As soon as word went around that the two veteran giants of the Shakespeare-Hollywood crossover, Patrick Stewart and Ian McKellen, were joining forces to do Waiting for Godot (*****), there was only one word in my head: unmissable. Of course, like the rest of the world I had seen them together for a few fleeting moments in the X Men films, and despite the CGI that was enough to make me realise that the two of them had the potential to create something very, very special together.
Never having seen Godot before, I went with a light heart: I knew that it might well be something that I wouldn’t enjoy, but I also knew that if these two couldn’t make it work, then it could simply be written off as a piece for which I don’t have the intellectual capacity.

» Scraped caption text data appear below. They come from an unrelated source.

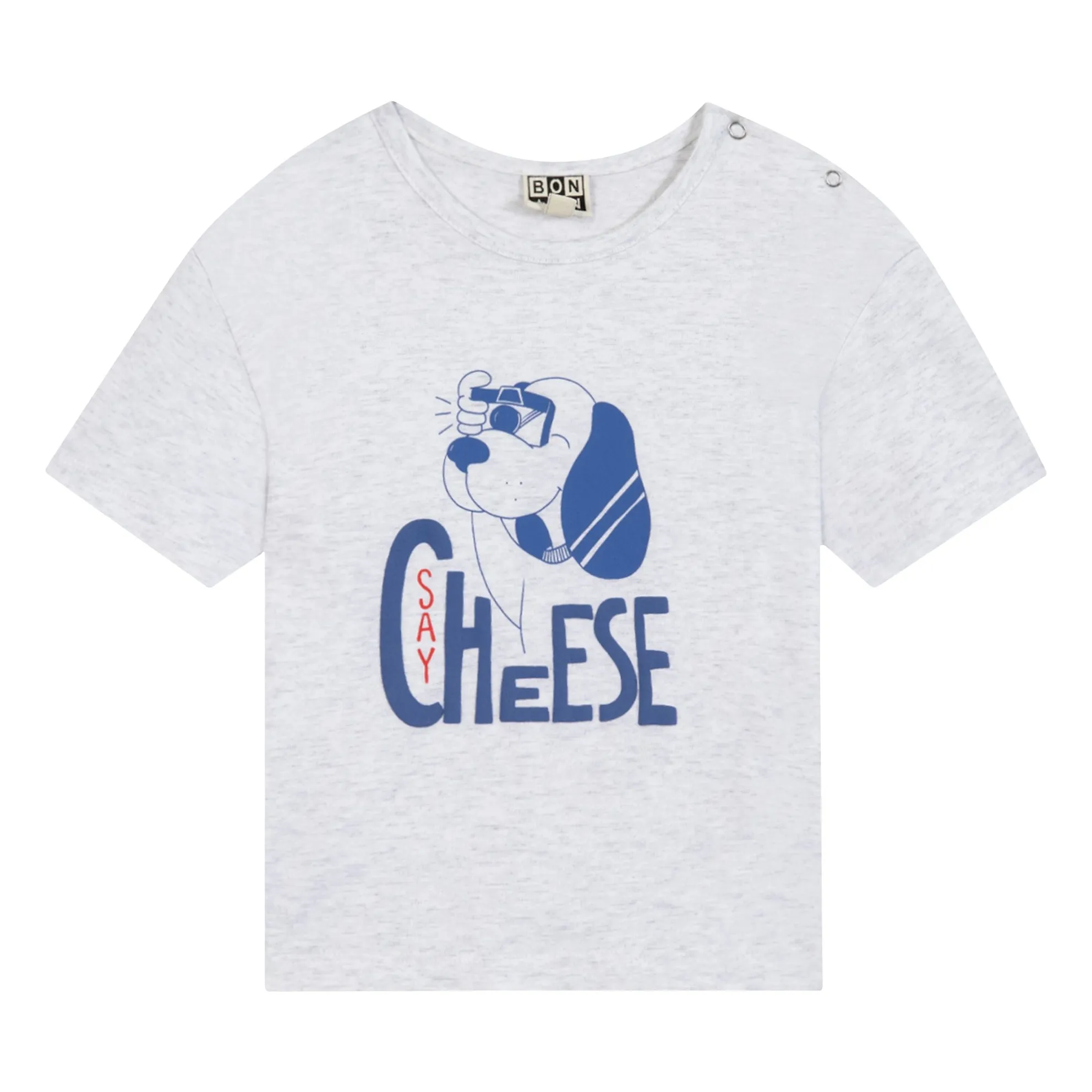 Bonton Grey Livo Say Cheese Mottled T-Shirt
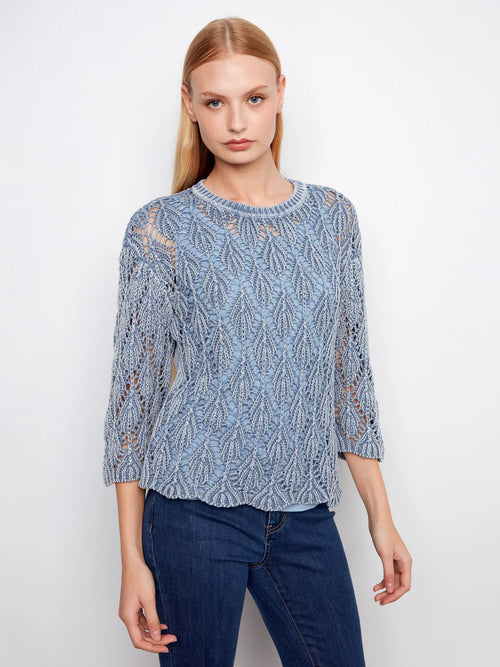 Chandail Charlie B C2959-525C-012 crochet brume pour femme – Léger et ajouré, parfait pour quotidien, sorties et vacances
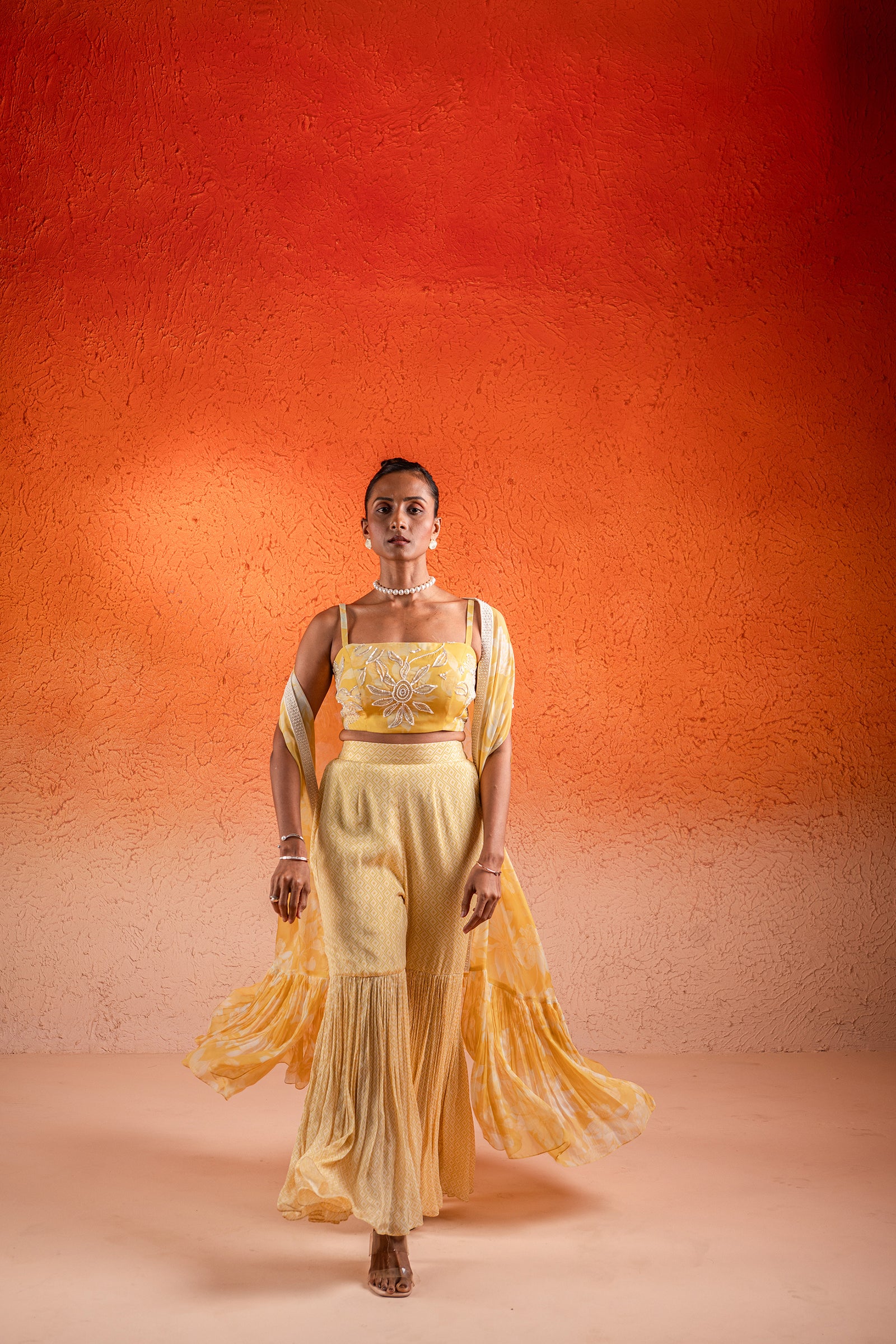 A Corn Yellow Printed Jacket Set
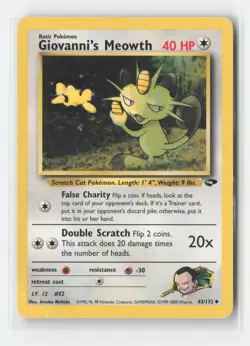 Giovanni's Meowth 43/132 Uncommon Gym Challenge Pokemon Unlimited Damaged - Image 1
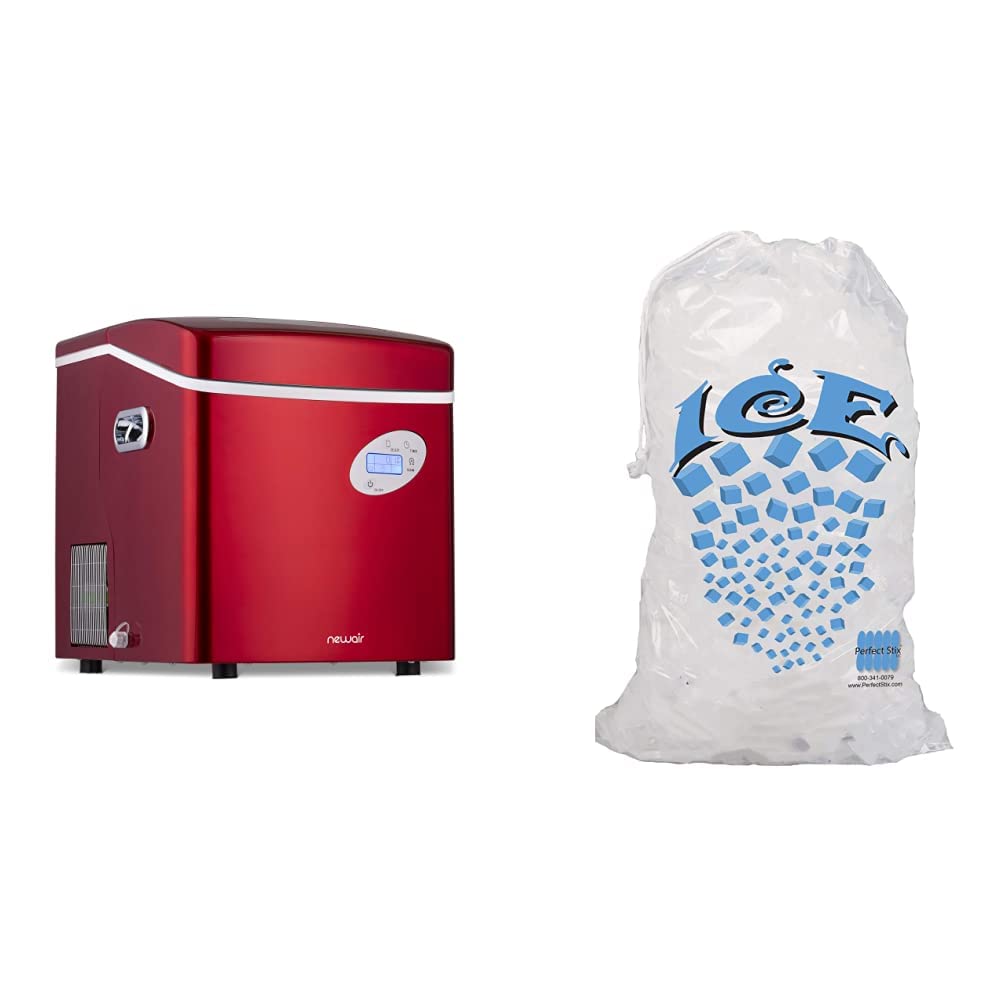 NewAir Portable Ice Maker - 50 lbs Daily Output, Red, 3 Ice Size Options | Perfectware PW Icebags-DS-100ct (10lb Drawstring Ice Bags, 100 Count) | Compact Countertop Ice Machine for Home, Office, RV, and Outdoor Parties
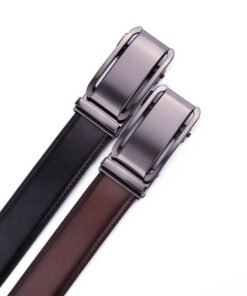 Alternative view of Dress Black Genuine Leather Belt Ratchet Automatic Buckle Belt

McKellen and Stewart were, simply brilliant by virtue of the fact that they managed to put the real star of the show to the fore: Beckett himself. Their considerable acting skills and Sean Mathias’ directing ensured that far from being a play consisting of two old men talking about nothing, it became a wonderfully uplifting journey through static - or cyclical, depending on which way you look at it – time. Simon Callow’s brutal and grotesque Pozzo provided horror and light relief in equal quantities, while the bizarre Lucky (Ronald Pickup) was distressing to watch. As for the leads themselves: they eked humour out of every line. It was a production full of pathos, but ultimately uplifting: two men in the twilight of their lives, watching time tick by, but making the most of every second of their lives by enjoying each other’s company. A better depiction of friendship I have never seen before. The production also seemed to emphasise just how Irish the play is: men talking about nothing, for days on end, and yet remaining stoically upbeat about the future (with lashings of healthy cynicism thrown in). The best was left until last: the vaudeville curtain call, with bowler hats the stars of the show, was a wonderful way to leave this magnificent production.
Michael Grandage is without doubt the director du jour and having seen his Donmar-on-West-End-residency productions of Ivanov and Twelfth Night, as well as his superb Othello last year, I had high hopes for his Hamlet (****). For those who hadn’t been to the RSC version, there was a feeling of going off to Bristol University having missed out on Cambridge: probably a decent experience, but not the unforgettable, lifechanging affair that seeing David Tennant might have been.
By contrast to the RSC’s patchy effort, this was a simpler affair: a Jude Law tour de force. Law, a much underrated Hollywood actor in my opinion (his performance in Closer is the highlight of a superb film), covered a vast range of emotions and philosophies throughout, but always emphasising the confusion and self-doubt that the Prince feels. Whether berating those around him for their moral flimsiness or demonstrating Shakespeare’s exquisite existentialist soliloquies, Law engaged with the audience from the word go and never let up.
It occurred to me that perhaps Law was projecting a little of himself into the part; he has always been an enigma, with rumours of a cold heart where women are concerned and just the other day was pictured lashing out at a photographer. I wondered if he had managed to put himself not only in Hamlet’s shoes, but in his mind as well.
The production was based purely around highlighting the Prince’s inner turmoil. Action and humour were downplayed – indeed, this was a bleak, almost elegiac performance at times. Some of the action was inadequate; there was not enough tension towards the end (partly because Law’s titanic philosophical effort in the first half had been so exhausting) and of the supporting cast, only Matt Ryan as Horatio was convincing, providing a strident foil to Law for Hamlet at his most positive: in true Love.